Hi,
I decided it was time to take a look at improving how we handle the special symbolic AArch64 sysreg names (and those of related instructions). I think the current implementation has a few issues:
- Large-scale duplication between AArch64BaseInfo.h and AArch64BaseInfo.cpp
- That weird Mapping class that I have no idea what I was on when I thought it was a good idea.
- Searches are performed linearly through the entire list.
- We print absolutely all registers in upper-case, even though some are canonically mixed case (SPSel for example).
- The ARM ARM specifies sysregs in terms of 5 fields, but those are relegated to comments in our implementation, with a slightly opaque hex value indicating the canonical encoding LLVM will use.
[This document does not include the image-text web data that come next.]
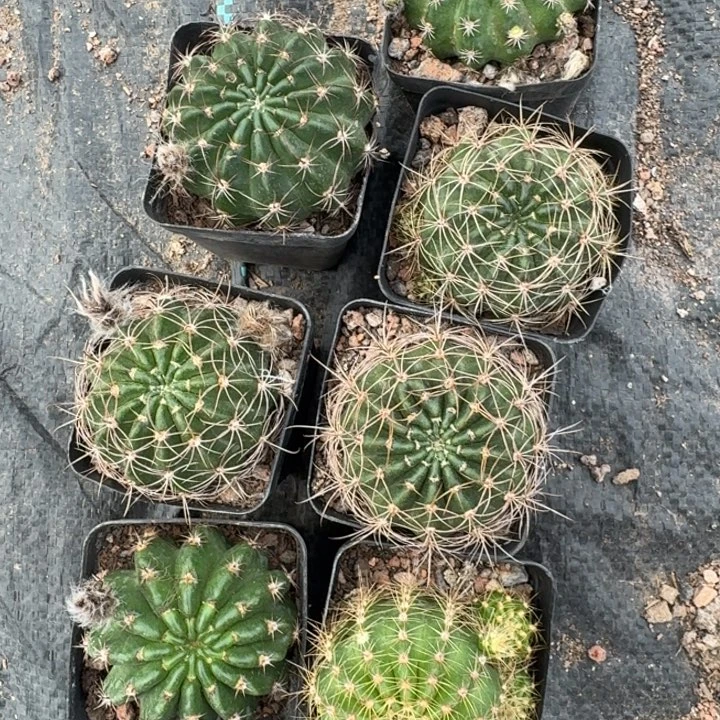 213丽花根4公分左右带盆发货，20包邮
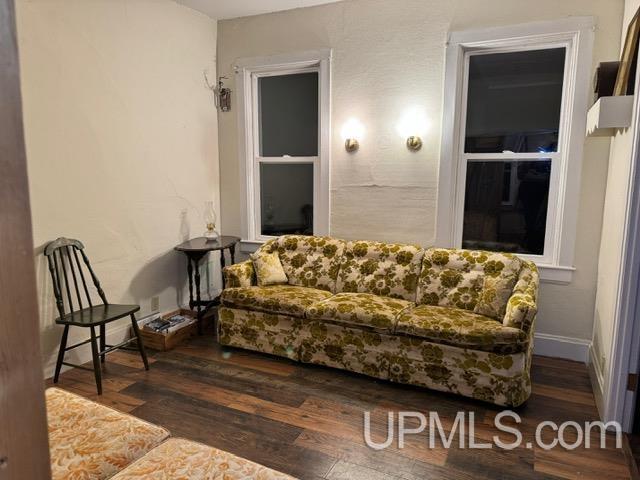 living room featuring dark wood-type flooring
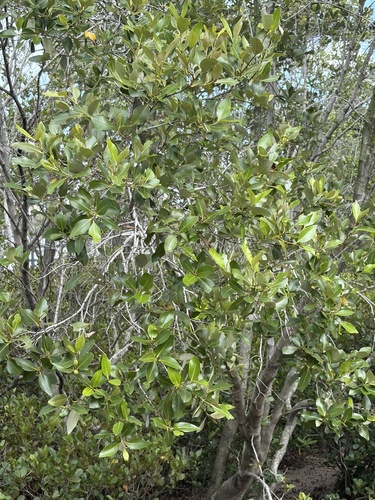 Avicennia marina observed 2026-10-28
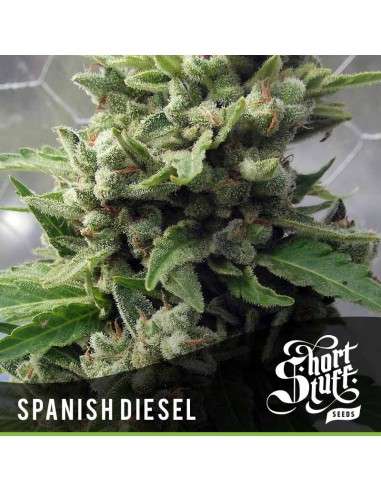 SHORT STUFF SEEDBANK - Auto Spanish Diesel - 1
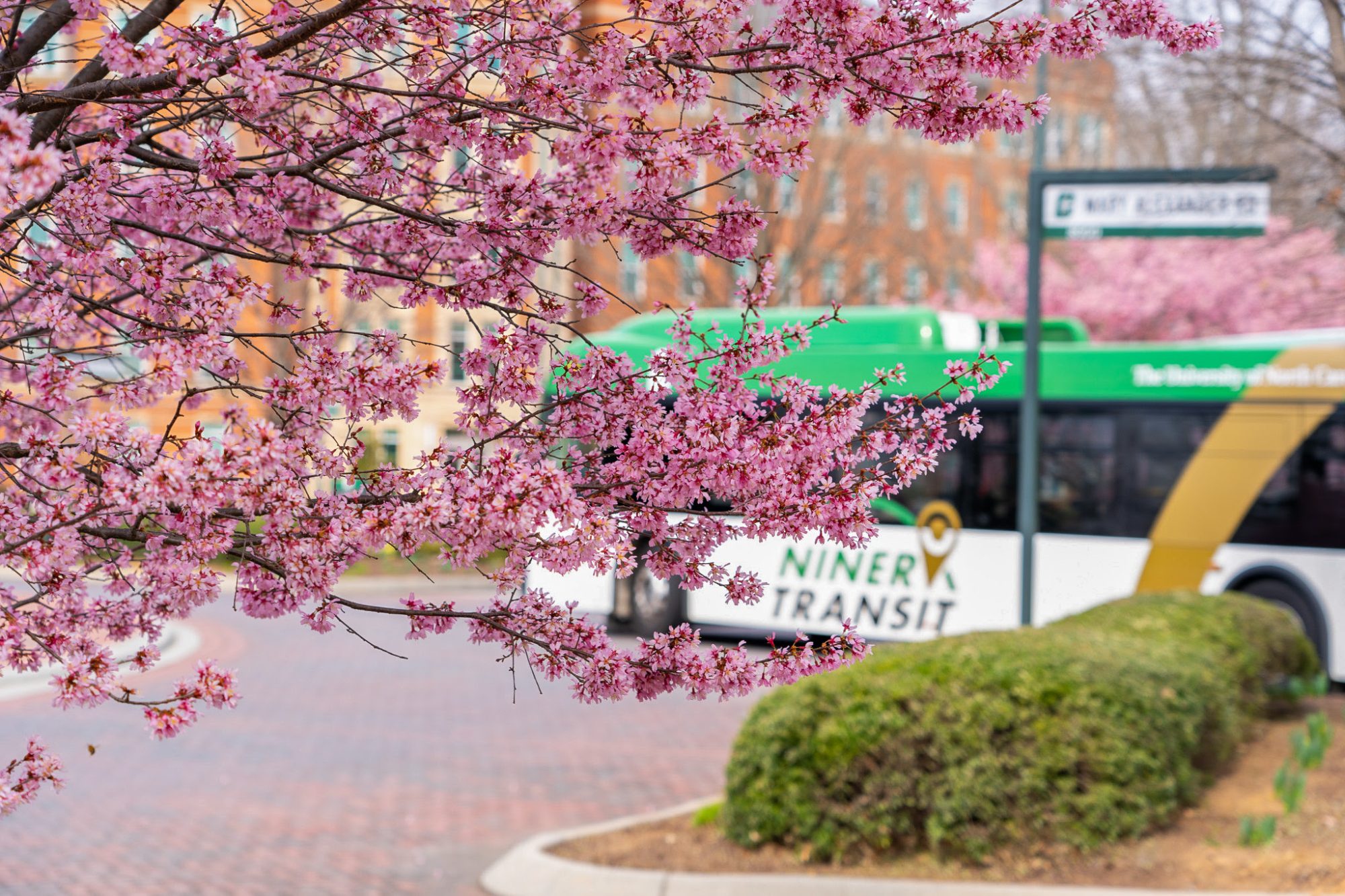 Trees blooming on campus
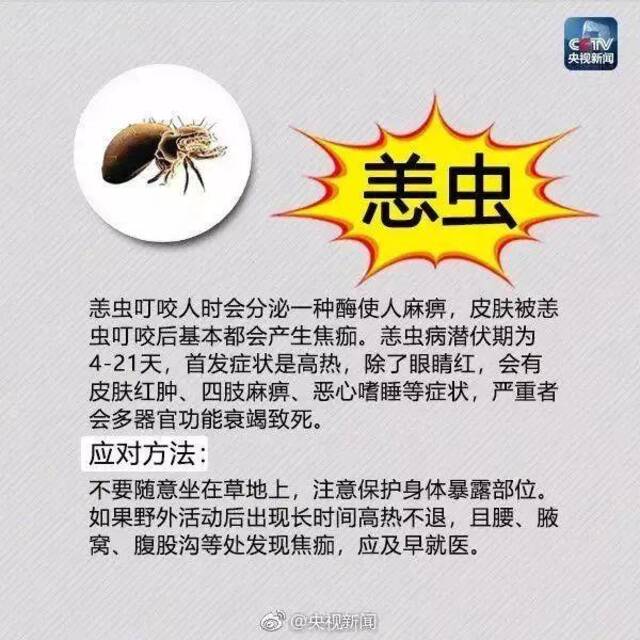 剧毒！有致命危险！已入侵12个省份，成都曾有人被咬，发现立即上报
So, with all that in mind I decided to do something about it. This patch adds a new TableGen backend: -gen-searchable-tables, which is quite a bit of code but seems like it ought to be useful elsewhere (though I didn't manage to think of any places immediately). That backend will emit a primary data table (reasonably generic, at the moment it can contain strings, ints and opaque code blobs) together with specified indexes (sorted for a binary search) and lookup functions.
This was actually inspired by trying to make Clang's diagnostics better (specifically warning when a 64-bit register is used for arm_rsr or arm_wsr), so any ideas on how best to share it would be welcome (best I've come up with it putting the AArch64-specific file in include/llvm/Target and rebuilding it from Clang).
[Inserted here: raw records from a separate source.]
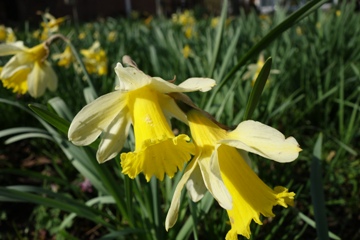 Heimische Osterglocke (Narcissus pseudonarcissus)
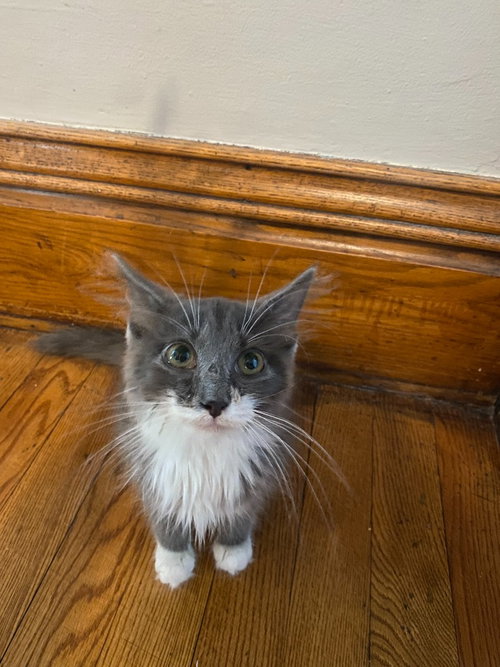 Photo 2 of Madam Bergerone (FeLV+)
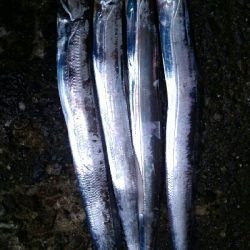 台風前に、、、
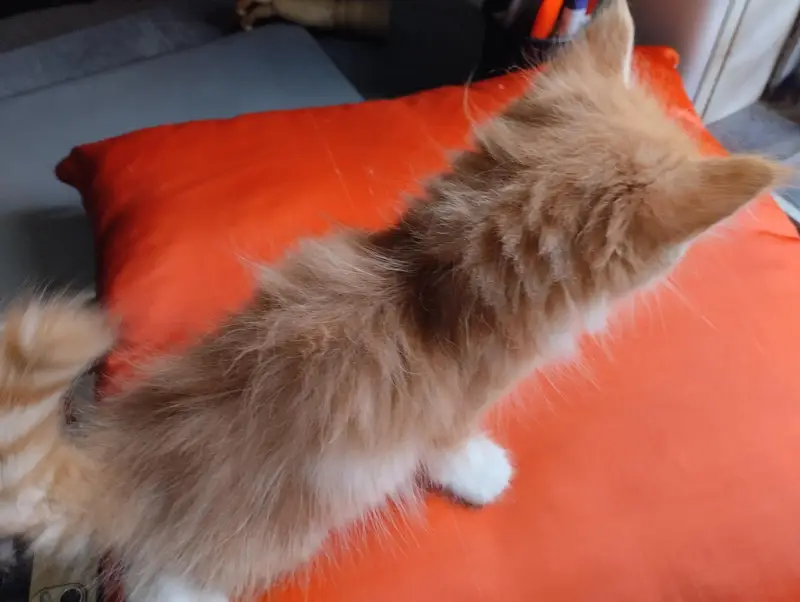 cute kitten pair — photo 10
The other nasty hack is DBGDTRTX_EL0 and DBGDTRRX_EL0 which share an encoding but are written differently in MRS/MSR. I just completely hacked around that in InstPrinter, deciding the extra infrastructure for a generic solution wasn't worth implementing.
So, any suggestions for improvements? Anyone think it's a terrible idea from the start?
Worth a (yes, duplicated) comment, if only for consistency?